There were 17% of reviewers at assistant professor rank. This is definitely a divergence from CSR practice. The only data I saw right around the time of Scarpa's great Purge of Assistant Professors suggested a peak of 10% of reviewers. Given the way ad hoc / empaneled reviewer loads work, I think we can conclude that way fewer than 10% of reviews were coming from Assistant Professors. As you know, we are now a decade past the start of the purge and these numbers have to be lower. So the panel demographics are not similar.
N.b., The 2017 papers says they surveyed the reviewers on similarity to genuine NIH review experience but I can't find anywhere it states the amount of review experience for the subjects. Similarly, while they all had to have been awarded at least one R01, we don't know anything about their experiences as applicants. Might be relevant. A missed opportunity would seem to be the opportunity to test reviewer demographics in the 2017 paper which covers more about the process of review, calibration of scoring, agreement after discussion, etc.
The paper(s) also says that they tried to de-identify the applicants.
All applications were deidentified, meaning the names of the PIs, any co-investigators, and any other research personnel were replaced with pseudonyms. We selected pseudonyms using public databases of names that preserved the original gender, nationality, and relative frequency across national populations of the original names. All identifying information, including institutional addresses, email addresses, phone numbers, and hand-written signatures were similarly anonymized and re-identified as well.
I am still looking but I cannot find any reference to any attempt of the authors to validate whether the blinding worked.

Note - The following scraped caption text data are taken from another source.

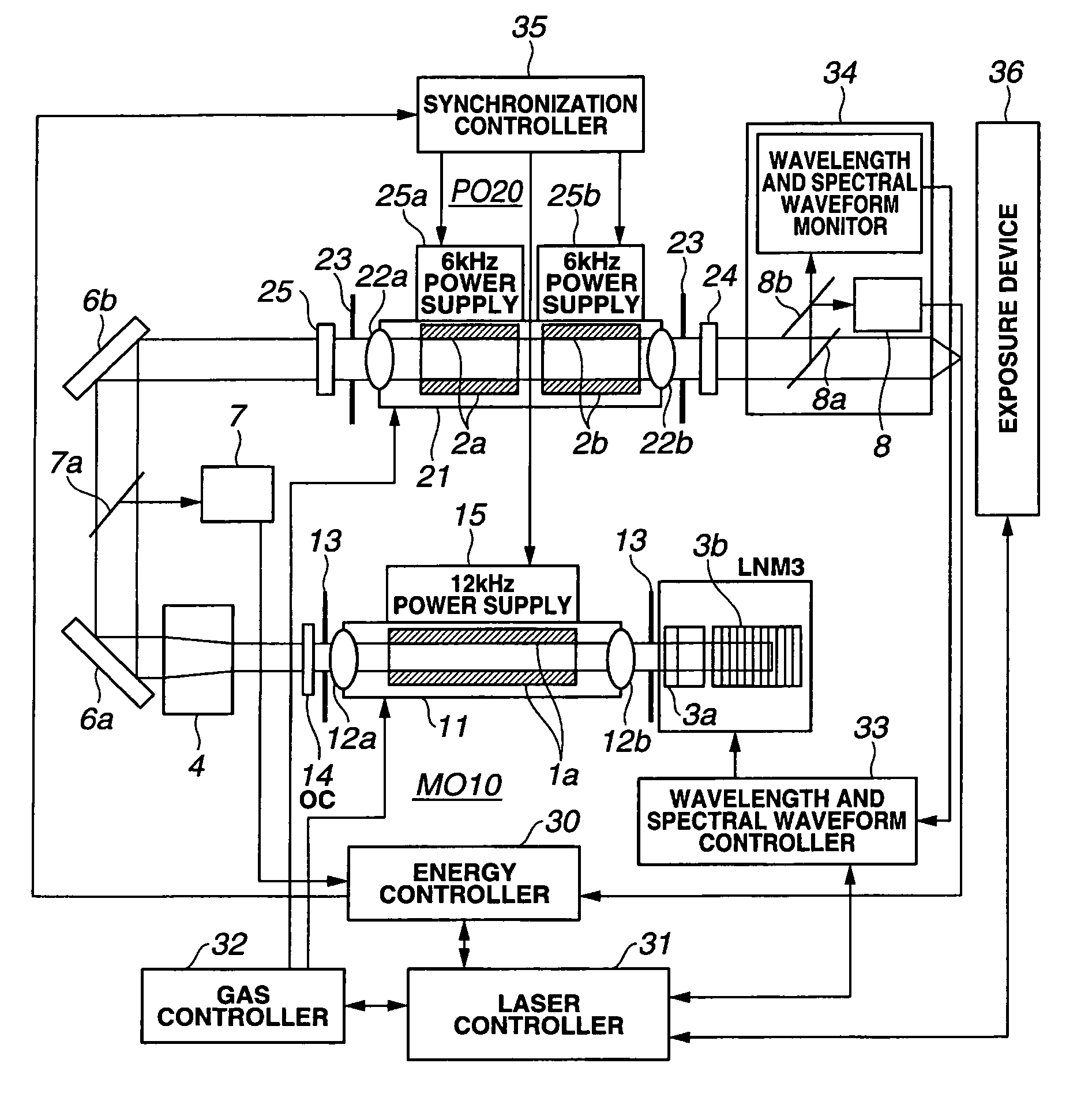 Excimer laser device operable at high repetition rate and having high band-narrowing efficiency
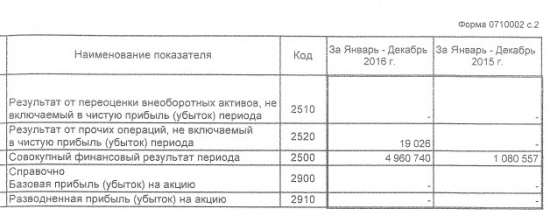 Соллерс - чистая прибыль выросла в 4,6 раз за 2016 г. РСБУ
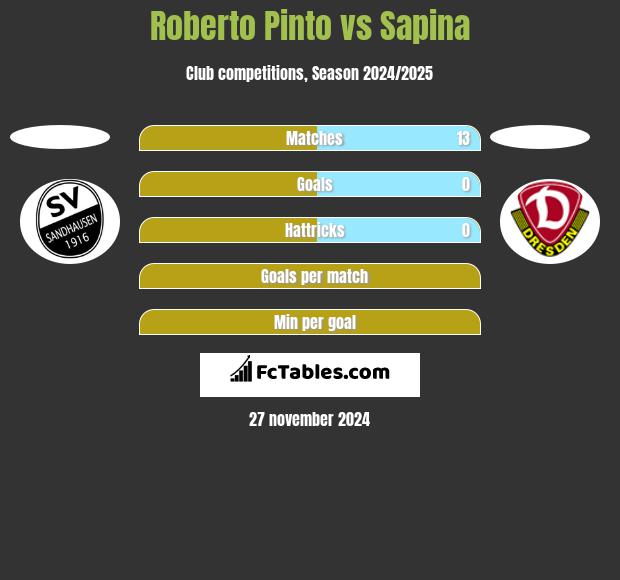 Roberto Pinto vs Sapina h2h player stats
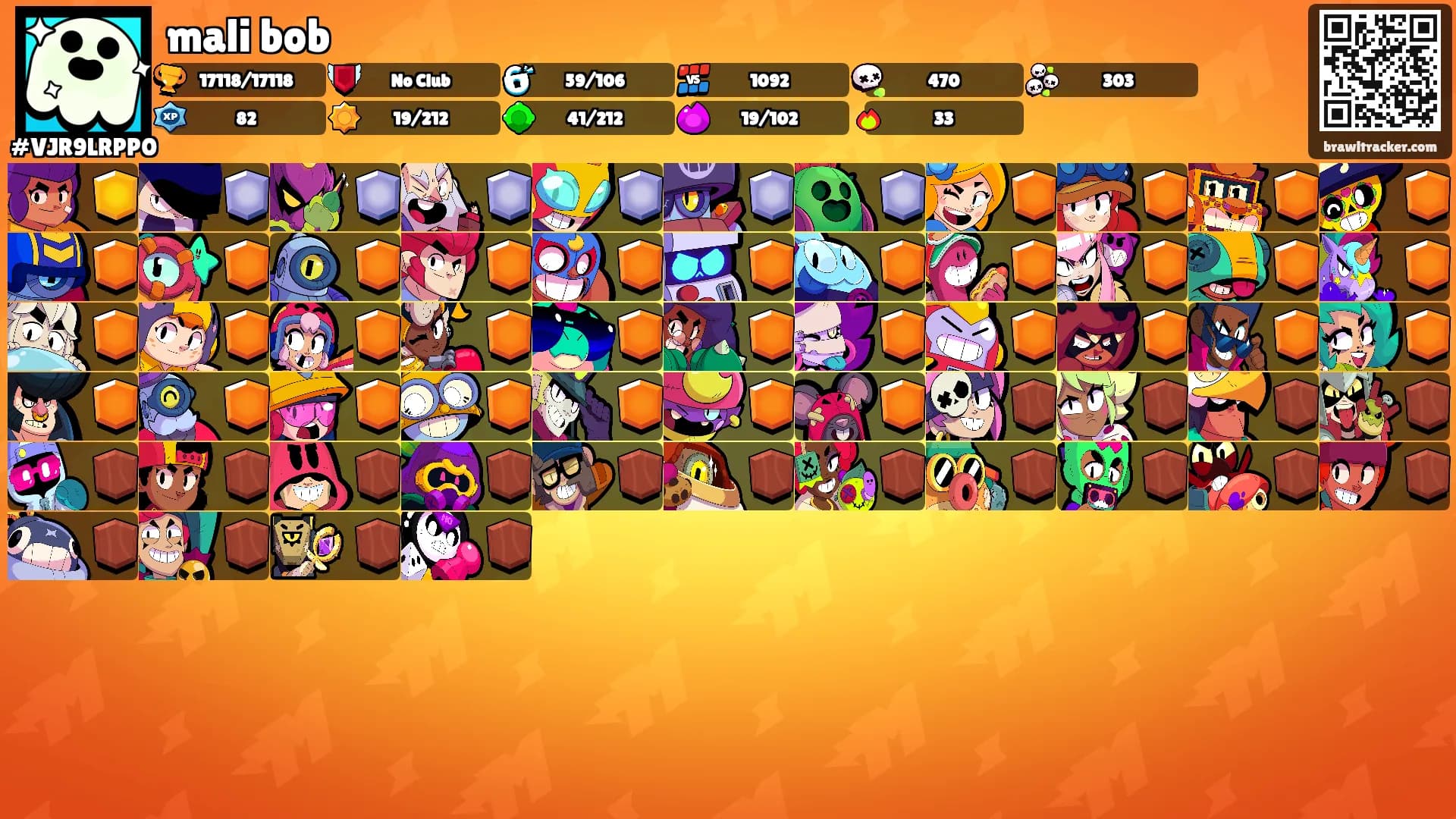 mali bob's Ranks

Which is in and of itself a fascinating question. But for the purposes of the "replication" of NIH peer review we must recognize that Investigator and Environment are two of five formally co-equal scoring criteria. We know that the NIH data show poor correlation of Investigator and Environment criterion scores with overall voted impact score (Approach and Significance are the better predictors), but these are still scoring criteria. How can this study attempt to delete two of these and then purport to be replicating the process? It is like they intentionally set out to throw noise into the system.
I don't think the review panels triaged any of the 25 proposals. The vast majority of NIH review involves triage of the bottom ~half of the assigned proposals. Reviewers know this when they are doing their preliminary reading and scoring.